Now that's a fresh-looking auto concept. Jai Ho Yoo and Lukas Vanek, two third-year design students at the Istituto Europeo di Design, came up with this design for the BMW ZX-6, under the following brief:
[Design] the BMW of 2015, [interpret] the language evolution and the trademark essence, in view of the company's future perspectives.
Vanek and Yoo are students at the Turin branch of the unfortunately-acronym'd I.E.D., which also has locations in Milan, Rome, Venice, Florence, Barcelona, Madrid, Sao Paulo, and Rio de Janeiro.
More concepts from the kids from Turin can be seen here.
via car body design
Comments
yikes...fresh-looking? Killer? Not exactly what came to my mind...nice renderings though!
Killer.... only if one of those big fenders hits you in a road traffic accident. Imagine being spiked by one of those. OWCH.
Car name: Blade XS
I thought it was a stapler, but I had just come from looking at sewing scissors on a different site....the driver's side door is open, yes? Wouldn't the pointed thing in the front smack speed bumps etc. ?
I thought it was a shoe. Very interesting forms though.
huh? might look pretty to some people, but it totally not functional.

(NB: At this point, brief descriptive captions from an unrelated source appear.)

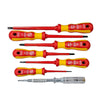 Set de 7 Atornilladores Aislados a 1000V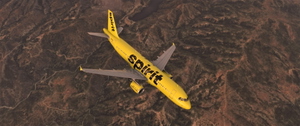 (8K) Fenix A320 | Spirit "Distressed Logo" | N601NK thumbnail 9
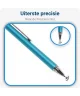 Universele Stylus Pen Met Precision Disc Tip Blauw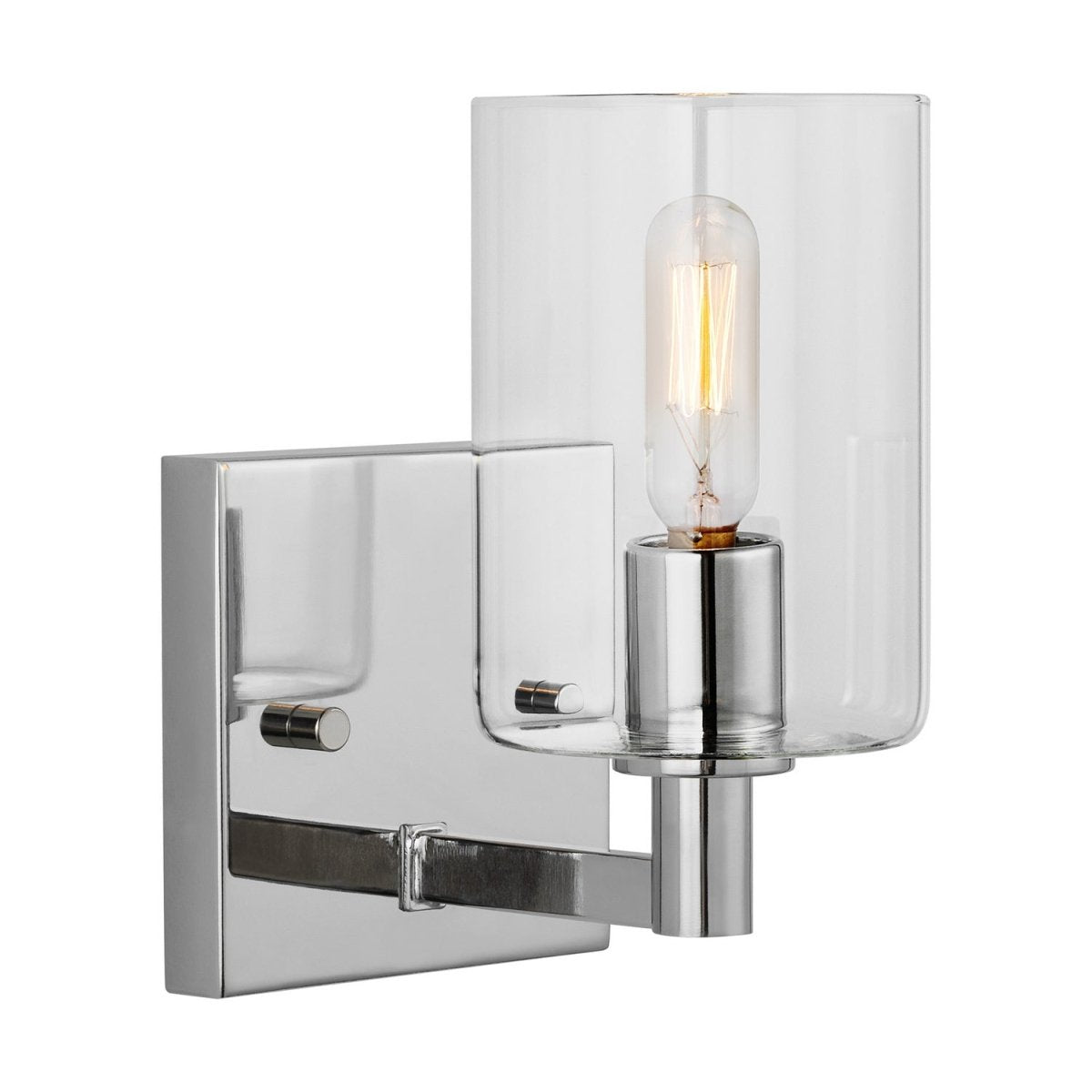 Applique murale Fullton - Nickel brossé by Visual Comfort Studio | Luminaires & cie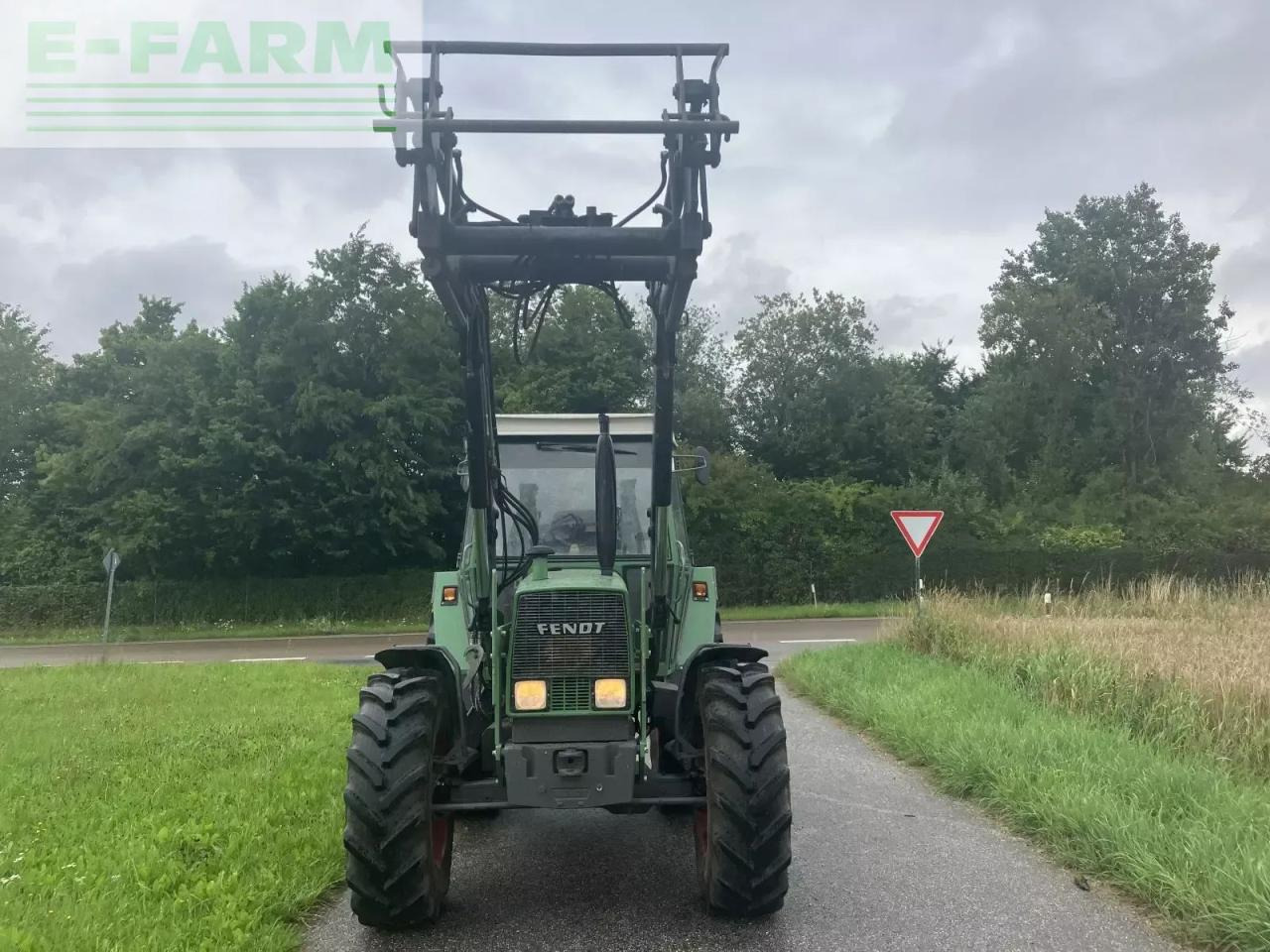 Fendt farmer 306 ls - Farm tractor: picture 2 Fendt farmer 306 ls - Farm tractor: picture 2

'Company's future perspectives' I think the still want to make money. doubt with this design.
Need some major structural and mechanical engineering involvement.
jealousy.. meaningless and non-relevant comments on a purely conceptual and evoking design..
Okay, the vehicle is not salable right now, but there are some interesting ideas in it. For instance, instead of the conventional design where the seats are placed on the car cabin floor and the doors are portals into that cabin, this concept has the seats on the doors. Because they are rear hinged, the entire seat swings out and makes ingress much easier - no leaning in, no watching your head: door swings out presenting seat, you sit.
There is a subtle creased flare along the A-pillar that could have interesting implications on windows-down driving, subject to aerodynamic performance. Does that crease decrease (sorry) wind turbulence at the windows, reducing noise?
Yes, the packaging is fantastic and impractical, the car can't climb a speed bump, parking would be hell with those fore flares, but cut the body at the waistline and imagine a conventional hatchback lower body. Suddenly, it's not so far out, is it?